Starting with the line that contains "Cars coloring and activity sheets" and stopping after the line that contains "Pochette Montessori 7", copy the entries below exactly. Include nothing else.

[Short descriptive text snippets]
---------------

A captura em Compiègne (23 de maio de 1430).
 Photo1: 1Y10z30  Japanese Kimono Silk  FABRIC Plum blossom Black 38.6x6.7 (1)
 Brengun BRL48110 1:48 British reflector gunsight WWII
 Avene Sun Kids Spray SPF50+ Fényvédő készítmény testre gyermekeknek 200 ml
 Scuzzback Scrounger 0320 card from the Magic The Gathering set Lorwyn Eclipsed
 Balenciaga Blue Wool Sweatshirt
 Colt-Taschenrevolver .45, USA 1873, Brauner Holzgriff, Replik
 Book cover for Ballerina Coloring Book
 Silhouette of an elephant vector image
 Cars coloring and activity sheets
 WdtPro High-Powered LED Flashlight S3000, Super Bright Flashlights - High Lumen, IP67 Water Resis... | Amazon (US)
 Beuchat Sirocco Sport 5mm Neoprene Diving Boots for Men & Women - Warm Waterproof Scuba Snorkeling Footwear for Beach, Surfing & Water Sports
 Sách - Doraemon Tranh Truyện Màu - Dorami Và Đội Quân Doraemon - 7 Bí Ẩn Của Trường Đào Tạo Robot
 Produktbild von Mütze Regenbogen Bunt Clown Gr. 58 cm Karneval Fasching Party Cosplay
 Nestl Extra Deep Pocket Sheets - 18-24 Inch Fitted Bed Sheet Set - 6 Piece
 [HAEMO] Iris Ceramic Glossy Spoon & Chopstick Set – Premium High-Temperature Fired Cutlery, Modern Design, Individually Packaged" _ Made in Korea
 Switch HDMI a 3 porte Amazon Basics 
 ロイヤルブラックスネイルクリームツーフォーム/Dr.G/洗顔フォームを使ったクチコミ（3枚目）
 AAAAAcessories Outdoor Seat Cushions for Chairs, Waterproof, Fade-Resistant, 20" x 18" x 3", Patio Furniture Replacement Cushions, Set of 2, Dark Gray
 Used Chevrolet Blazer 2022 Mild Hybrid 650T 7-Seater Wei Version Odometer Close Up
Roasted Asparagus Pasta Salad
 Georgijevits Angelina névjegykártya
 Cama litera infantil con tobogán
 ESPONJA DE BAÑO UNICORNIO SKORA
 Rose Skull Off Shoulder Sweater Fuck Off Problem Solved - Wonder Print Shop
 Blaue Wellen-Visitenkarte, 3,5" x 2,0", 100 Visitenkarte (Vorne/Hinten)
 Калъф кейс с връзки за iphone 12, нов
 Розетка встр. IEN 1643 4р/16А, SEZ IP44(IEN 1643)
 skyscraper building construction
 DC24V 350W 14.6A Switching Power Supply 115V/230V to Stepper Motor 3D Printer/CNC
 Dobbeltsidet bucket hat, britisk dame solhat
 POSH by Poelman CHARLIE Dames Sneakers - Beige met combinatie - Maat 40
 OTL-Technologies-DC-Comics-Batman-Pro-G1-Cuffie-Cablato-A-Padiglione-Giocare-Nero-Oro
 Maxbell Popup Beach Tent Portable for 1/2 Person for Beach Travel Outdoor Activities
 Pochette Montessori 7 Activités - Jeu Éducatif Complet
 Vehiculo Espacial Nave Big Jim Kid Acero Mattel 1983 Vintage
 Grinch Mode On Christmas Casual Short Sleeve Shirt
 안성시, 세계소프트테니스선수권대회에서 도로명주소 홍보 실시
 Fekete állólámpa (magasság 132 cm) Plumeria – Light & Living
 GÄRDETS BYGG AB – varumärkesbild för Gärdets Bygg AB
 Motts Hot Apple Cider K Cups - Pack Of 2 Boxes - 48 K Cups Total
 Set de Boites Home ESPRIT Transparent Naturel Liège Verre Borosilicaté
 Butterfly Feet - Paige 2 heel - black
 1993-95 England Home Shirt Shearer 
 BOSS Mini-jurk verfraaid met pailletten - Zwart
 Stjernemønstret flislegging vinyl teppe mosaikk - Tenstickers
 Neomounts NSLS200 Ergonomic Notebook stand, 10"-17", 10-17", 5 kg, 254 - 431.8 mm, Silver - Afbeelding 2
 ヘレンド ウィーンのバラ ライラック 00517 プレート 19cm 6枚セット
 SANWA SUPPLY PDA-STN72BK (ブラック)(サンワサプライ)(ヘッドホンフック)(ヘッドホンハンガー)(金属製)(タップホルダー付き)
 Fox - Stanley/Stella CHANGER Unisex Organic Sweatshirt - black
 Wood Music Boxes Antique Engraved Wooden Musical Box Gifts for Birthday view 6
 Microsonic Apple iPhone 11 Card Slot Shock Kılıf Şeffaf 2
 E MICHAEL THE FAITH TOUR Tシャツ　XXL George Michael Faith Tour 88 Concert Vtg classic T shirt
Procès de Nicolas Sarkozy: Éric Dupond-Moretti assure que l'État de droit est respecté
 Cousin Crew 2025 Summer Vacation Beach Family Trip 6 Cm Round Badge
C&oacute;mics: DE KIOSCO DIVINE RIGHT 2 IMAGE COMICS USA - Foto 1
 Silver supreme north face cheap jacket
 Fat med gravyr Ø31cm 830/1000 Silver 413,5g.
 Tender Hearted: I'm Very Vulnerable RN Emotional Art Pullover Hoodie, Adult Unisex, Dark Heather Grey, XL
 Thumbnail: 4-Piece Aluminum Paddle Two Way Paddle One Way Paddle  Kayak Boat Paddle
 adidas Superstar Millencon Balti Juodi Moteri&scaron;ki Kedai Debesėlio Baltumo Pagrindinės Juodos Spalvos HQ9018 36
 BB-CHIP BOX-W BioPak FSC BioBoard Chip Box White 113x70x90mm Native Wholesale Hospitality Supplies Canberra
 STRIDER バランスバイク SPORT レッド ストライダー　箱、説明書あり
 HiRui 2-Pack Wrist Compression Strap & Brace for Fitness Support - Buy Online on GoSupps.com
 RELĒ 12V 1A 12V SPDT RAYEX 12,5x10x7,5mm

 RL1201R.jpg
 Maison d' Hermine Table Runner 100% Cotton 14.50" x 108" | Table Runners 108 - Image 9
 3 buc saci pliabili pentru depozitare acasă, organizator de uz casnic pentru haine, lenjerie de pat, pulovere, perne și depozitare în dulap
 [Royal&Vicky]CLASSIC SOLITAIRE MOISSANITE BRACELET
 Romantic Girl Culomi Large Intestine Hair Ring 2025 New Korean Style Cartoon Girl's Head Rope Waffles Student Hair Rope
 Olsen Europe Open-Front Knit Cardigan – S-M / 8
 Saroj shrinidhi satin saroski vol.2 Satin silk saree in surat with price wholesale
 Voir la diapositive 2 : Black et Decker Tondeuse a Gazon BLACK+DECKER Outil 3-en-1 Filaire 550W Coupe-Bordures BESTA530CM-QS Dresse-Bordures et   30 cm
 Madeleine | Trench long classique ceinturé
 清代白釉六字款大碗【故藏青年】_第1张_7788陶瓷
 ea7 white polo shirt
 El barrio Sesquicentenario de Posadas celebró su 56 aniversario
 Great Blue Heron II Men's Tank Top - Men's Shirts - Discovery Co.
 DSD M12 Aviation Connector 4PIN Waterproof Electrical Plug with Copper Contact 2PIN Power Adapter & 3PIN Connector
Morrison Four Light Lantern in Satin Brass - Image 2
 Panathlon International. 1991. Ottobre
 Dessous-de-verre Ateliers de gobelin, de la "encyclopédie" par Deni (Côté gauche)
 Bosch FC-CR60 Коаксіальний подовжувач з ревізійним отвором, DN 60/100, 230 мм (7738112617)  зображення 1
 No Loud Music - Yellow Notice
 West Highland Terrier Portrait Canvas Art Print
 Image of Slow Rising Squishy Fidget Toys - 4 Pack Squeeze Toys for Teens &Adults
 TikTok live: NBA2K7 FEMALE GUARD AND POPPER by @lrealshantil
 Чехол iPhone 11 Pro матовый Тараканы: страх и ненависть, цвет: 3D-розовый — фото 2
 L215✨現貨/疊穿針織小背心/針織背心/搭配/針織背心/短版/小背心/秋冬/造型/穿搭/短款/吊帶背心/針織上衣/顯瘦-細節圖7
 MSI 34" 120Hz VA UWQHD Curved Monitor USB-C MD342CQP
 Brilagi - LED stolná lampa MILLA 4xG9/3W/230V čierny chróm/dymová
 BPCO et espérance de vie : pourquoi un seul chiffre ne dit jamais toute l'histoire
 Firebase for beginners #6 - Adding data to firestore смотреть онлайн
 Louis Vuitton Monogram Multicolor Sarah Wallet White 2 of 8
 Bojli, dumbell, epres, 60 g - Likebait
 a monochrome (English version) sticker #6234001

---------------

• **Solution to the problem**:
 Cars coloring and activity sheets
 WdtPro High-Powered LED Flashlight S3000, Super Bright Flashlights - High Lumen, IP67 Water Resis... | Amazon (US)
 Beuchat Sirocco Sport 5mm Neoprene Diving Boots for Men & Women - Warm Waterproof Scuba Snorkeling Footwear for Beach, Surfing & Water Sports
 Sách - Doraemon Tranh Truyện Màu - Dorami Và Đội Quân Doraemon - 7 Bí Ẩn Của Trường Đào Tạo Robot
 Produktbild von Mütze Regenbogen Bunt Clown Gr. 58 cm Karneval Fasching Party Cosplay
 Nestl Extra Deep Pocket Sheets - 18-24 Inch Fitted Bed Sheet Set - 6 Piece
 [HAEMO] Iris Ceramic Glossy Spoon & Chopstick Set – Premium High-Temperature Fired Cutlery, Modern Design, Individually Packaged" _ Made in Korea
 Switch HDMI a 3 porte Amazon Basics 
 ロイヤルブラックスネイルクリームツーフォーム/Dr.G/洗顔フォームを使ったクチコミ（3枚目）
 AAAAAcessories Outdoor Seat Cushions for Chairs, Waterproof, Fade-Resistant, 20" x 18" x 3", Patio Furniture Replacement Cushions, Set of 2, Dark Gray
 Used Chevrolet Blazer 2022 Mild Hybrid 650T 7-Seater Wei Version Odometer Close Up
Roasted Asparagus Pasta Salad
 Georgijevits Angelina névjegykártya
 Cama litera infantil con tobogán
 ESPONJA DE BAÑO UNICORNIO SKORA
 Rose Skull Off Shoulder Sweater Fuck Off Problem Solved - Wonder Print Shop
 Blaue Wellen-Visitenkarte, 3,5" x 2,0", 100 Visitenkarte (Vorne/Hinten)
 Калъф кейс с връзки за iphone 12, нов
 Розетка встр. IEN 1643 4р/16А, SEZ IP44(IEN 1643)
 skyscraper building construction
 DC24V 350W 14.6A Switching Power Supply 115V/230V to Stepper Motor 3D Printer/CNC
 Dobbeltsidet bucket hat, britisk dame solhat
 POSH by Poelman CHARLIE Dames Sneakers - Beige met combinatie - Maat 40
 OTL-Technologies-DC-Comics-Batman-Pro-G1-Cuffie-Cablato-A-Padiglione-Giocare-Nero-Oro
 Maxbell Popup Beach Tent Portable for 1/2 Person for Beach Travel Outdoor Activities
 Pochette Montessori 7 Activités - Jeu Éducatif Complet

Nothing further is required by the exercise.